--- START ---

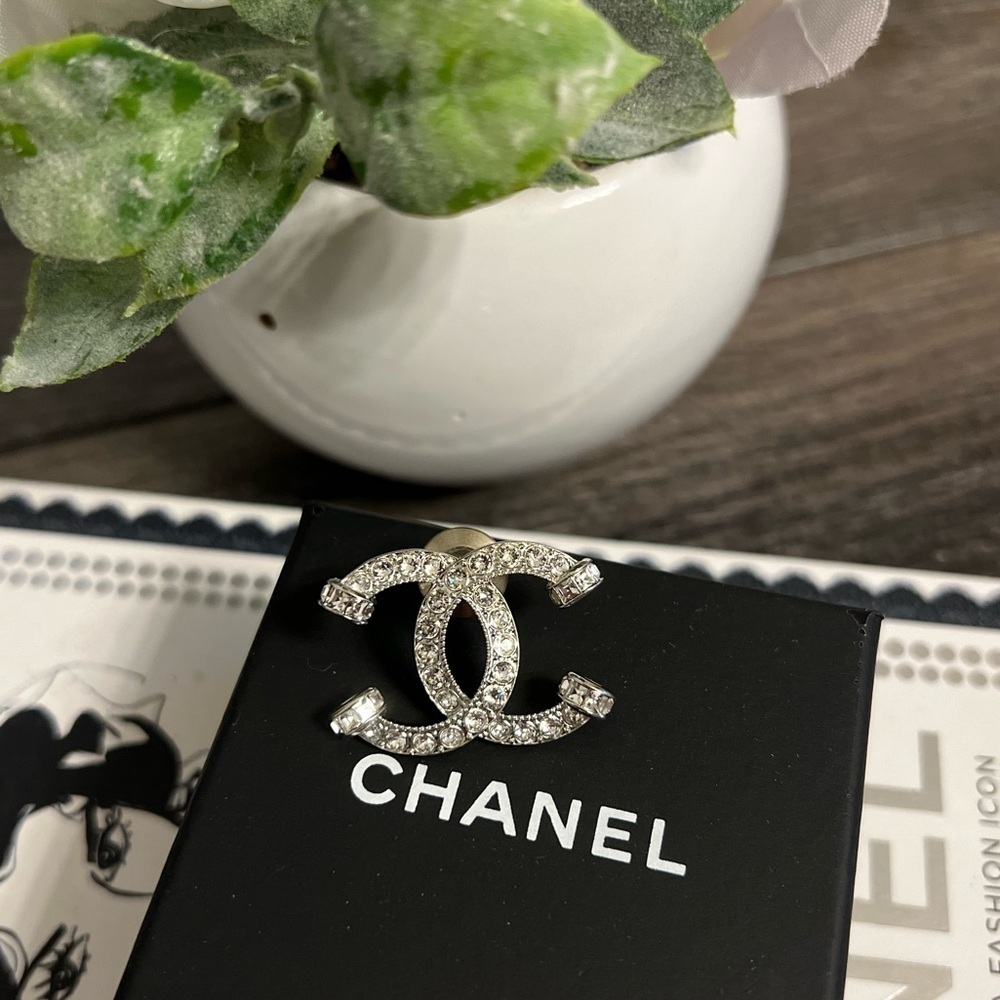 CHANEL Classic‎ Silver Crystal CC Brooch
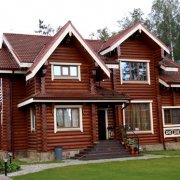 Finition extérieure d'une maison en bois: choisissez le matériau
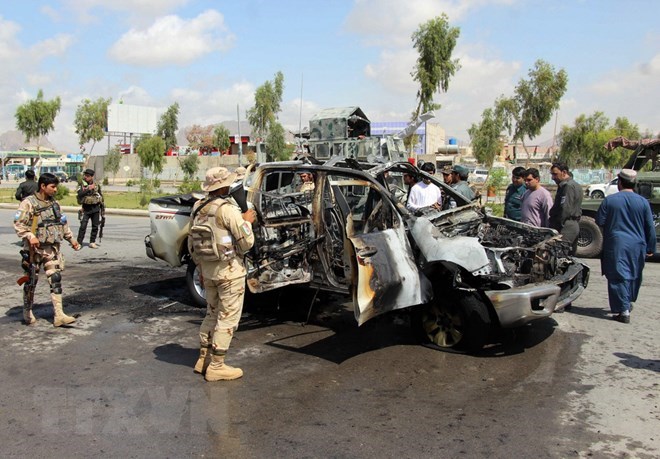 Lực lượng an ninh Afghanistan điều tra tại hiện trường một vụ đánh bom tại Kandahar. (Nguồn: THX/TTXVN)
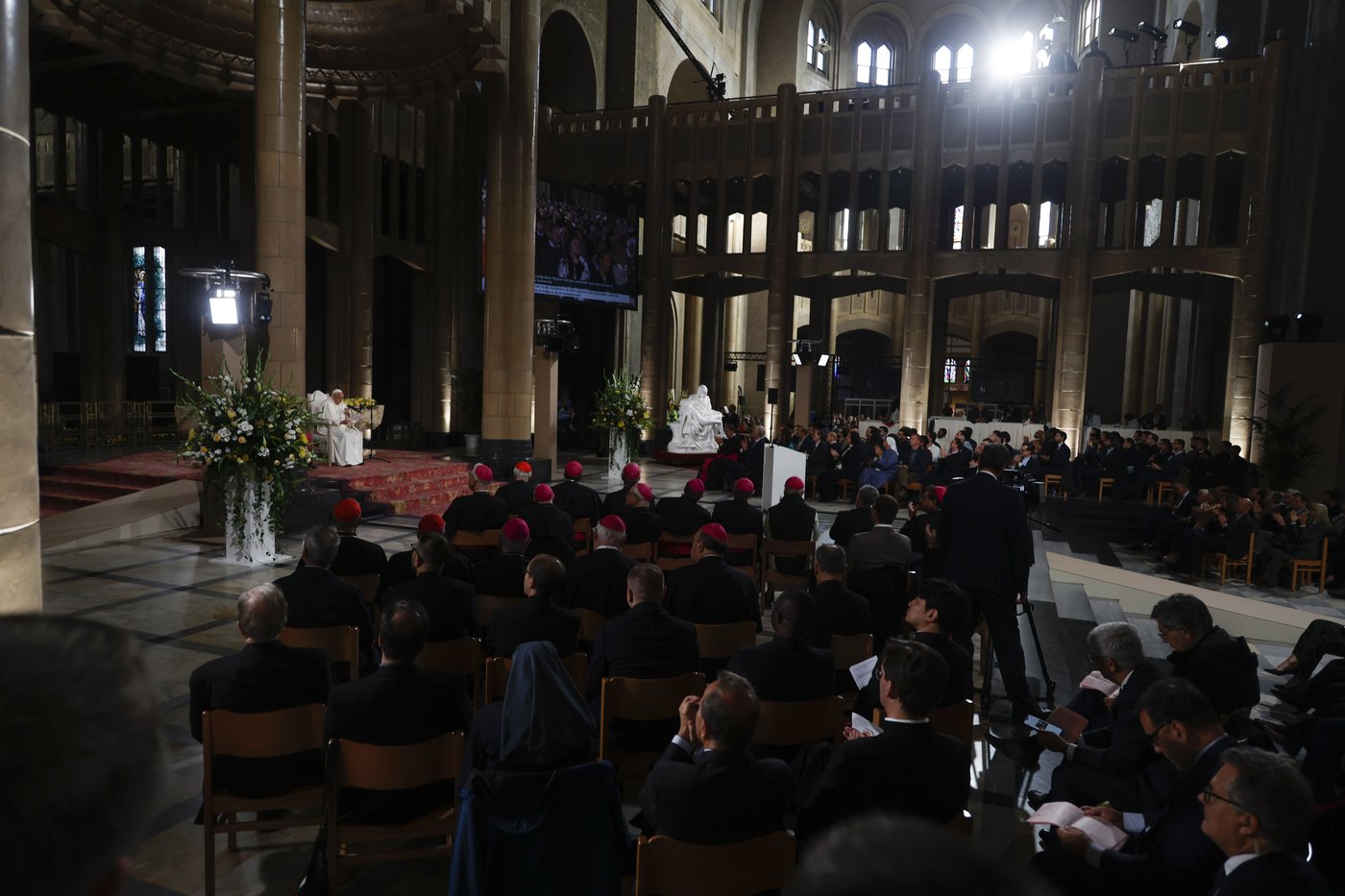 Belgian Catholic university denounces visiting pope's views on women after he digs in on their role | iNFOnews.ca Belgian Catholic university denounces visiting pope's views on women after he digs in on their role | iNFOnews.ca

--- END ---

Work order >>
Retype exactly, please, the span from the line holding "Lực lượng an" through the closing line of the data, both ends included, without the pictures.

Response to this exercise >>
 Lực lượng an ninh Afghanistan điều tra tại hiện trường một vụ đánh bom tại Kandahar. (Nguồn: THX/TTXVN)
 Belgian Catholic university denounces visiting pope's views on women after he digs in on their role | iNFOnews.ca Belgian Catholic university denounces visiting pope's views on women after he digs in on their role | iNFOnews.ca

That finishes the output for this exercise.